TASK GOAL:
Without the pictures, print the lines from the one holding "Stainless Steel Electric" through the last line below, both included, exactly as they stand.

Short web captions
________

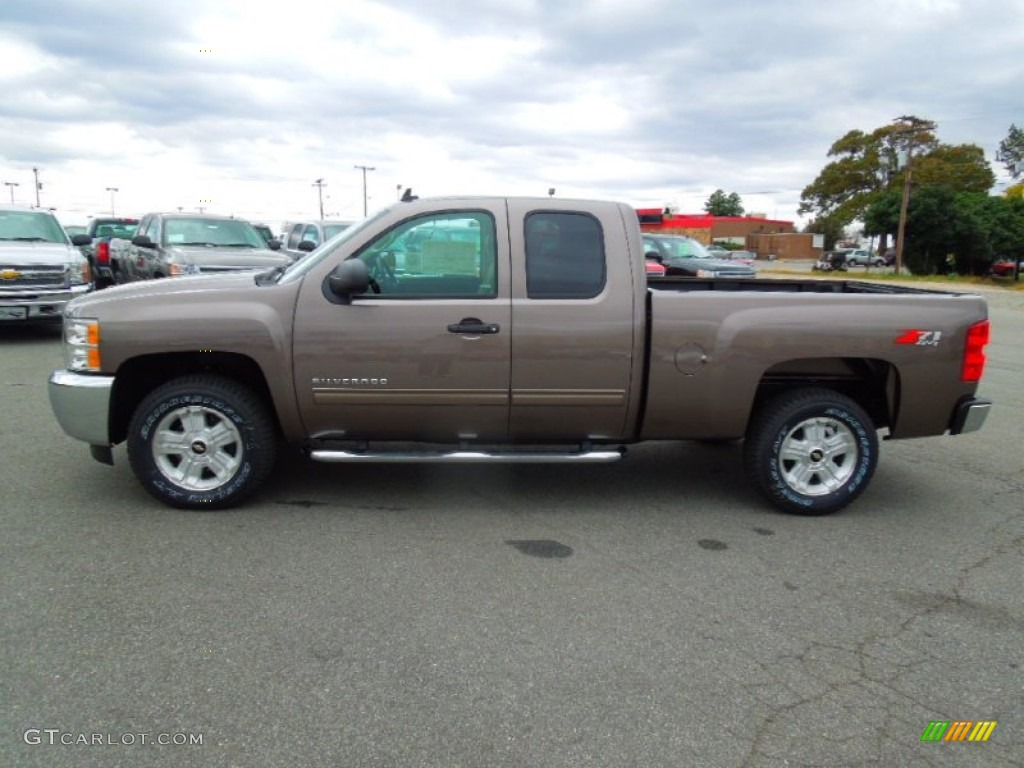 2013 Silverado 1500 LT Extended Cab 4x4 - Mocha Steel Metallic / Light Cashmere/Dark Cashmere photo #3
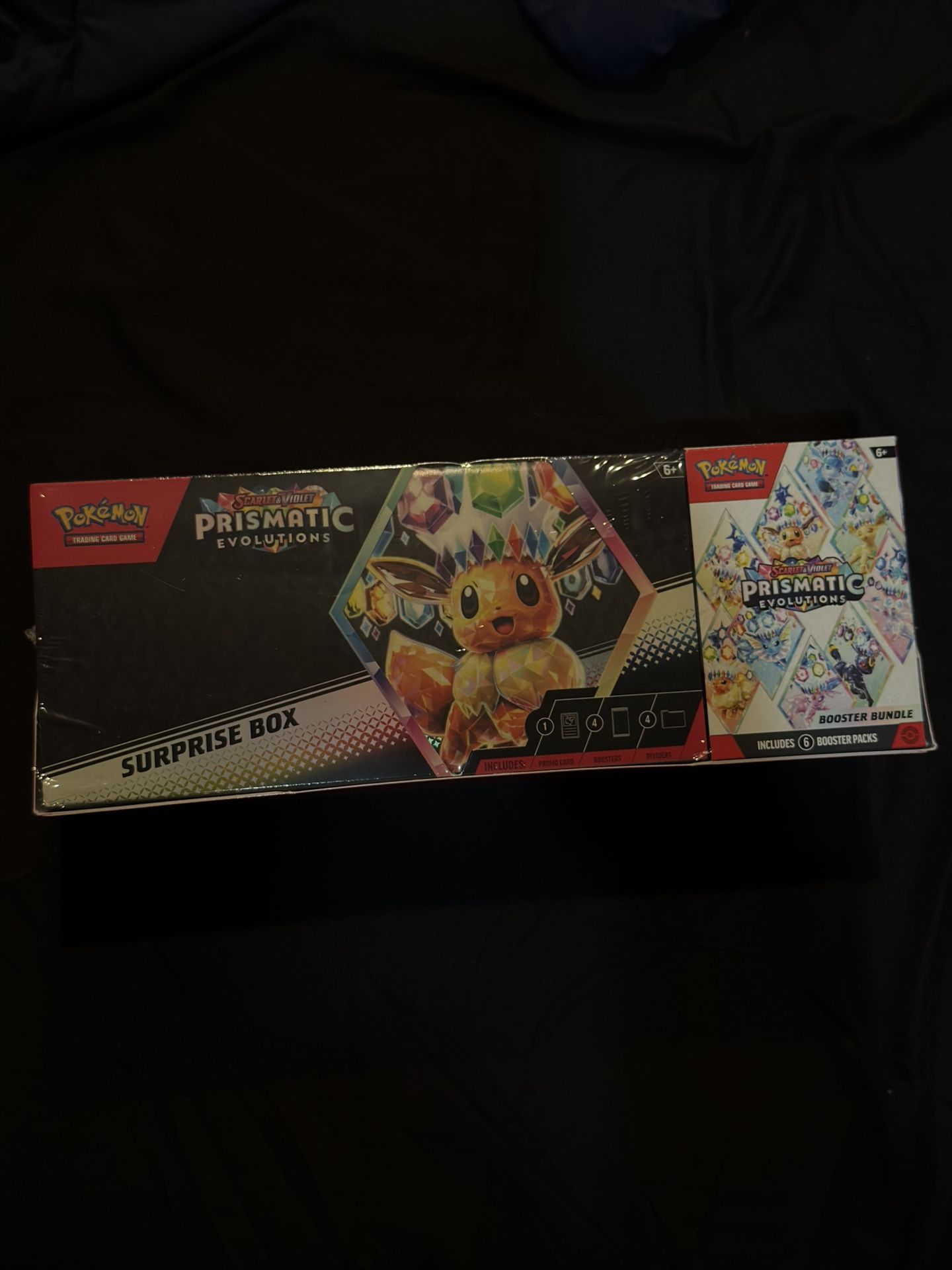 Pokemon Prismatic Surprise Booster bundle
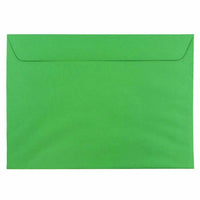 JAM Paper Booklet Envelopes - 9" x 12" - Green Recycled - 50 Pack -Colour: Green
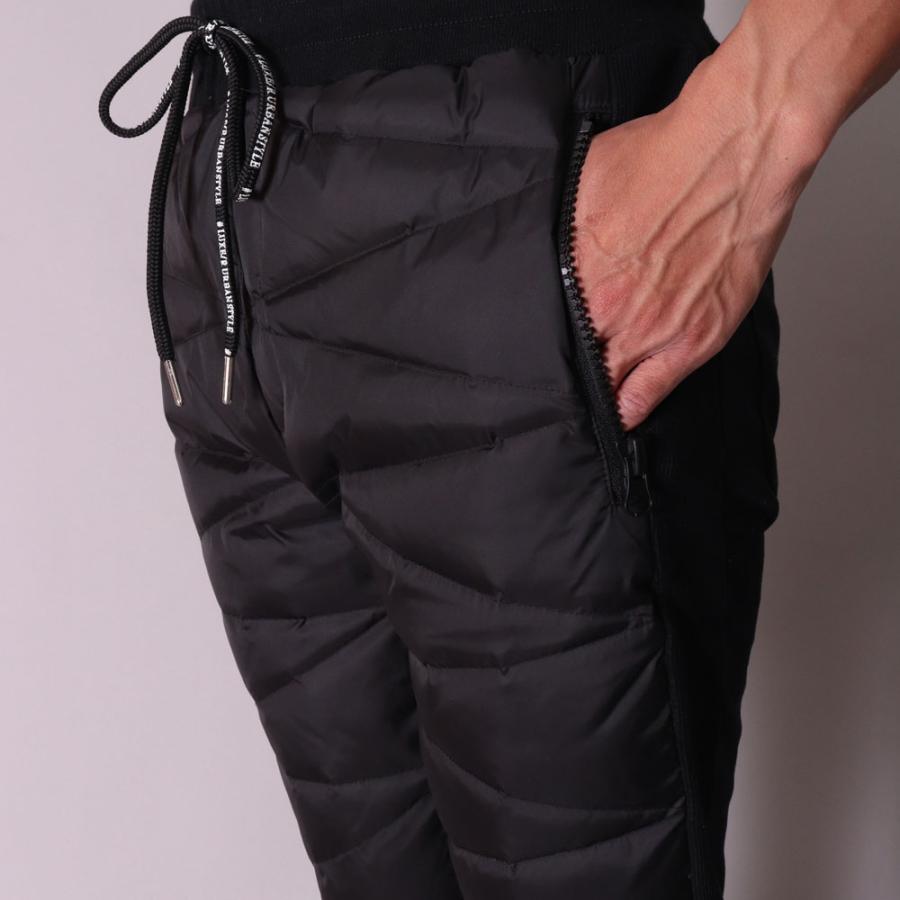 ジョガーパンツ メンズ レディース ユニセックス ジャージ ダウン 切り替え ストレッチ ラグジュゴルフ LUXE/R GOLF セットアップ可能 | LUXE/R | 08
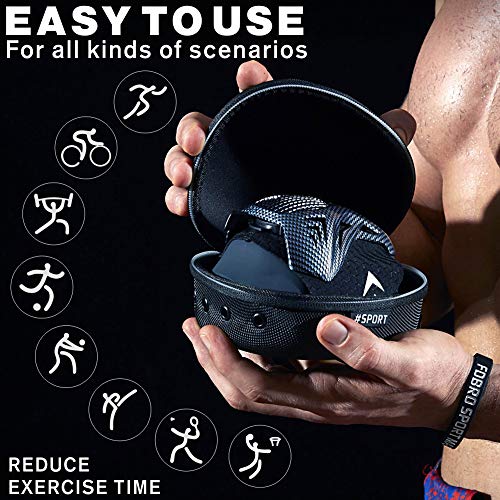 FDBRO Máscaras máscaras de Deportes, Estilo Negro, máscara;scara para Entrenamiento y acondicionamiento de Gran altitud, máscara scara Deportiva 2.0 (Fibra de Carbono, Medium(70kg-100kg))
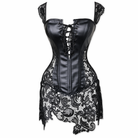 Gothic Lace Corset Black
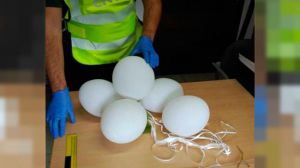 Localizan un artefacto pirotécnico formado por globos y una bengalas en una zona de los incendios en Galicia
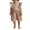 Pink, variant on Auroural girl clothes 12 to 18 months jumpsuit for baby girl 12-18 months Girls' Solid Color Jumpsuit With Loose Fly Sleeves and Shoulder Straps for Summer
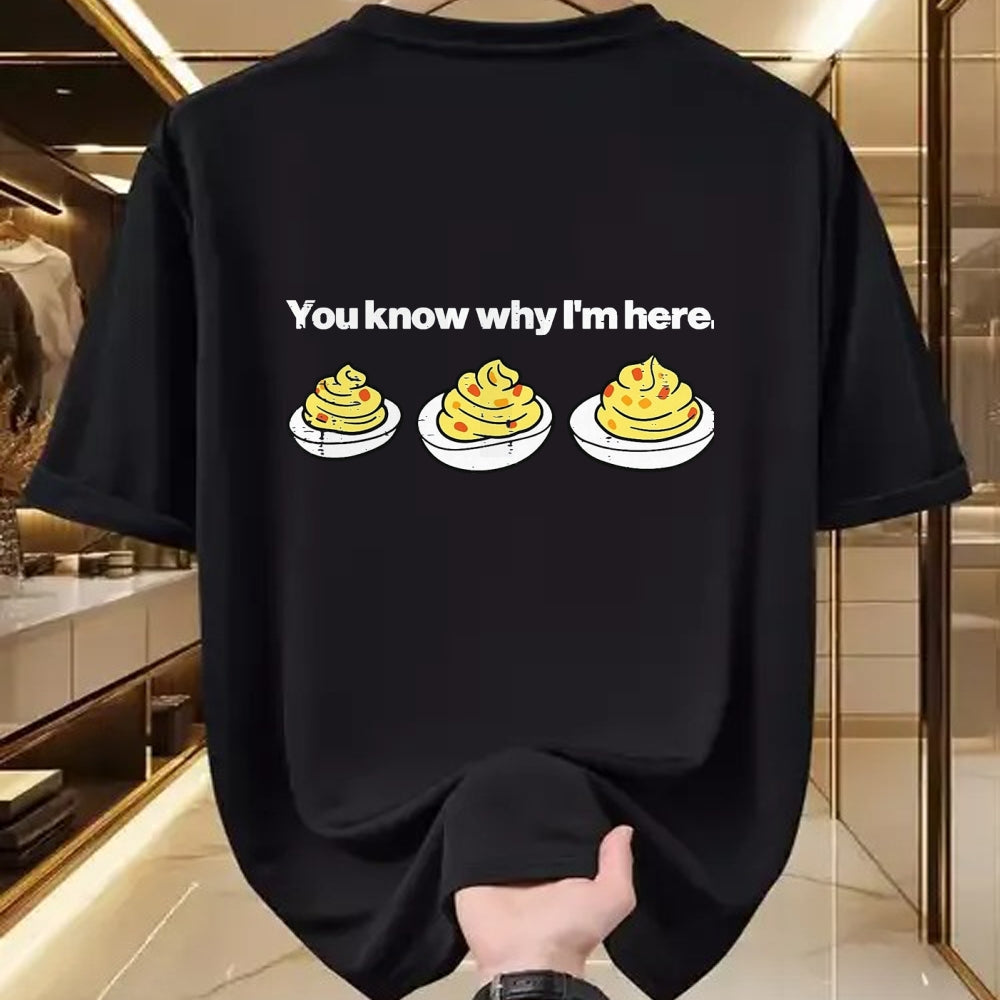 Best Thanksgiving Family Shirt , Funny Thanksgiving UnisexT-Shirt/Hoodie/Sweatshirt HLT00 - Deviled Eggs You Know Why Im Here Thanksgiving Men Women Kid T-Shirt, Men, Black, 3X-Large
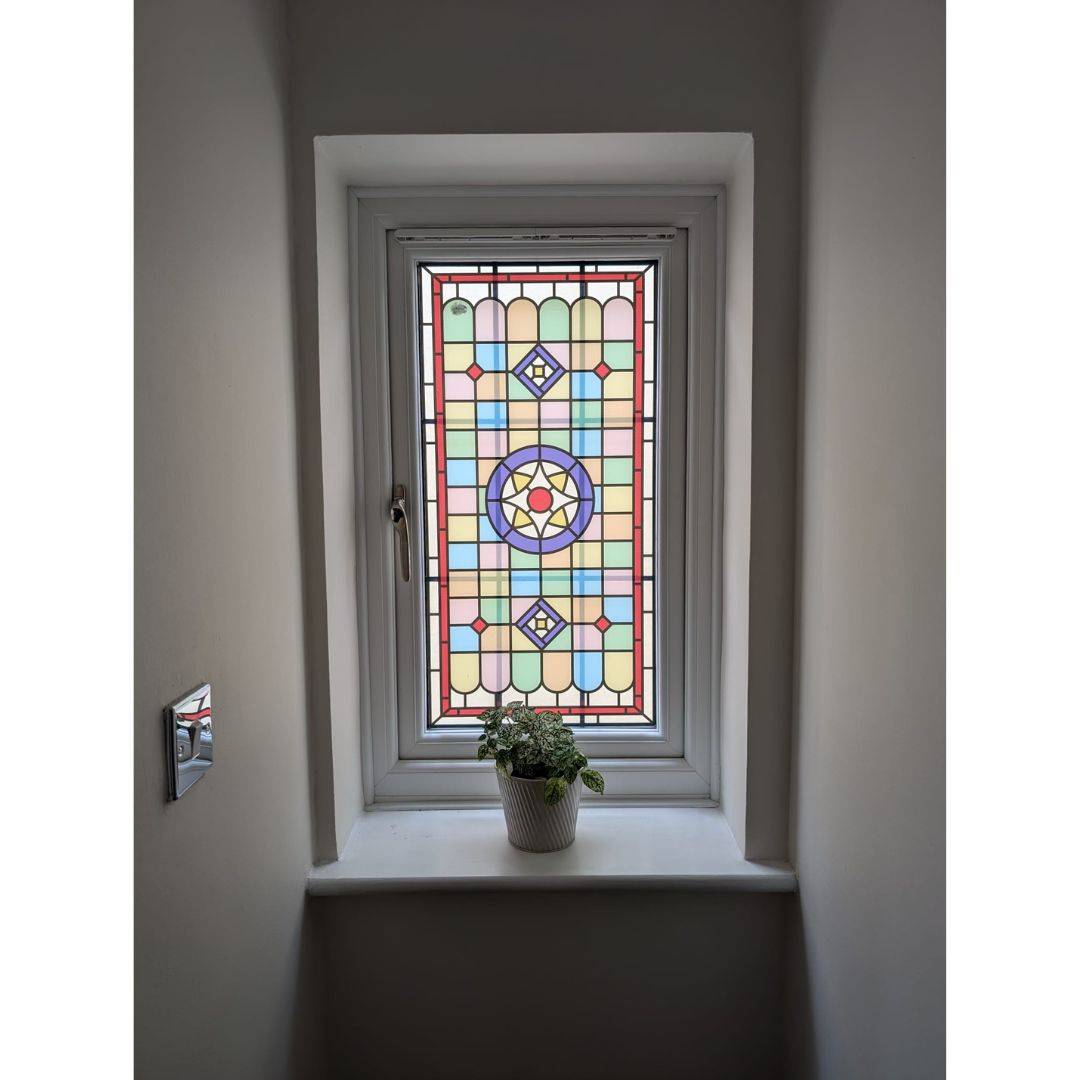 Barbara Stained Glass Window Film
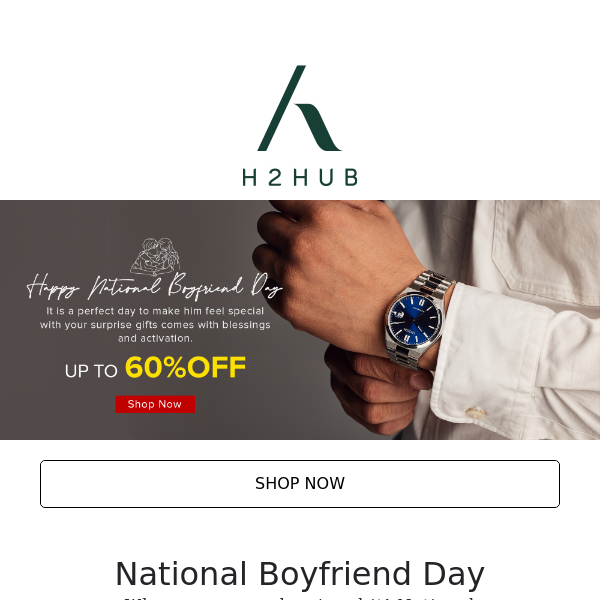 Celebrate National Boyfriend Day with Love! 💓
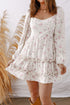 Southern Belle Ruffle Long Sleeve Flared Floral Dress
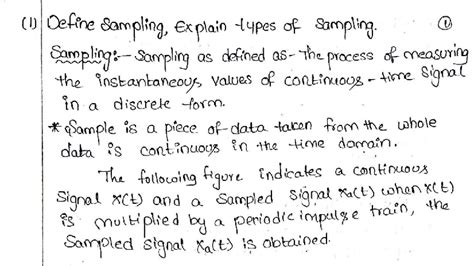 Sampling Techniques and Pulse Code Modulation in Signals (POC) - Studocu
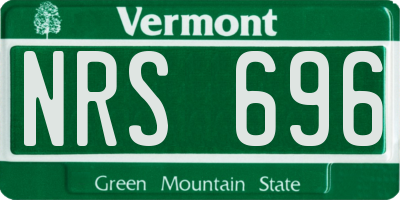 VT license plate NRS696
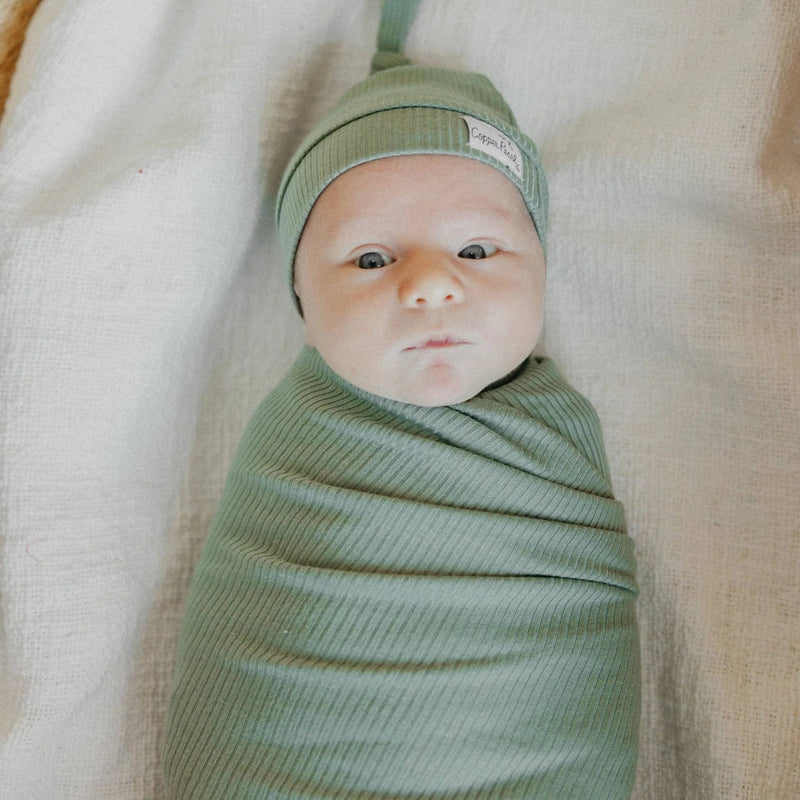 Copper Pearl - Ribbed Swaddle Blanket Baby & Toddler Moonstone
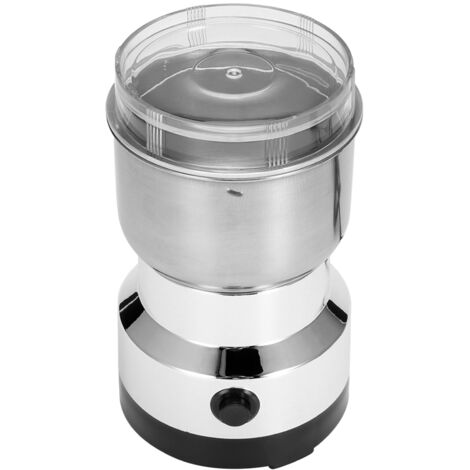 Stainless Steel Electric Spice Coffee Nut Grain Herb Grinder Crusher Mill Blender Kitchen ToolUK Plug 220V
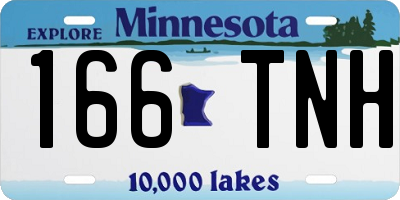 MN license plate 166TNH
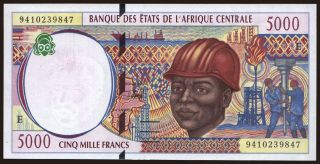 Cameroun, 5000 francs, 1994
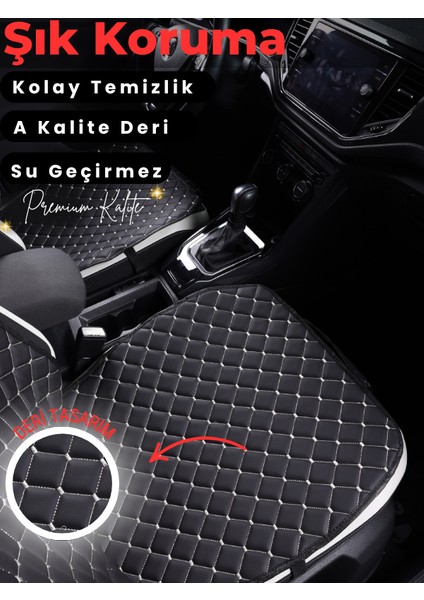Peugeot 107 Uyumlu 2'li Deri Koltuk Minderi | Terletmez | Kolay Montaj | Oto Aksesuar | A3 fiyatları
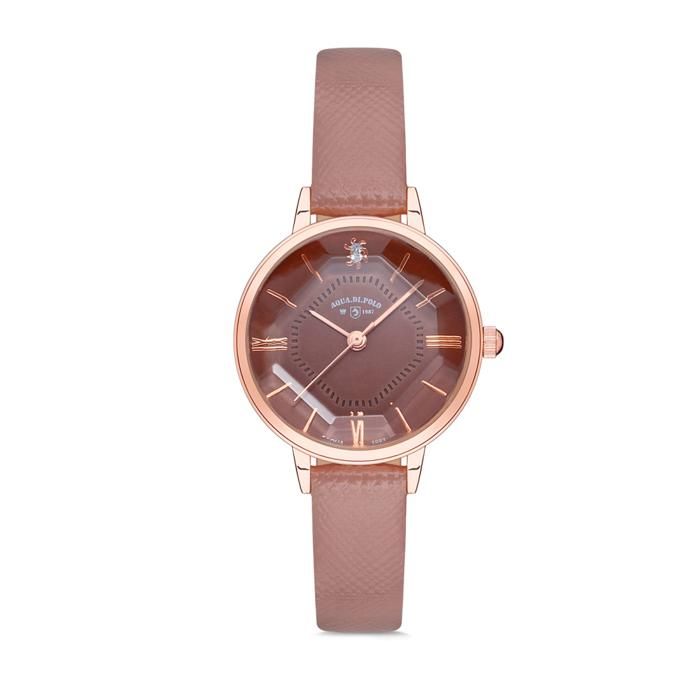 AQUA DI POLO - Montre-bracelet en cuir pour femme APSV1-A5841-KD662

________

RESPONSE AREA:
 Stainless Steel Electric Spice Coffee Nut Grain Herb Grinder Crusher Mill Blender Kitchen ToolUK Plug 220V
 MN license plate 166TNH
 Cameroun, 5000 francs, 1994
Peugeot 107 Uyumlu 2'li Deri Koltuk Minderi | Terletmez | Kolay Montaj | Oto Aksesuar | A3 fiyatları
 AQUA DI POLO - Montre-bracelet en cuir pour femme APSV1-A5841-KD662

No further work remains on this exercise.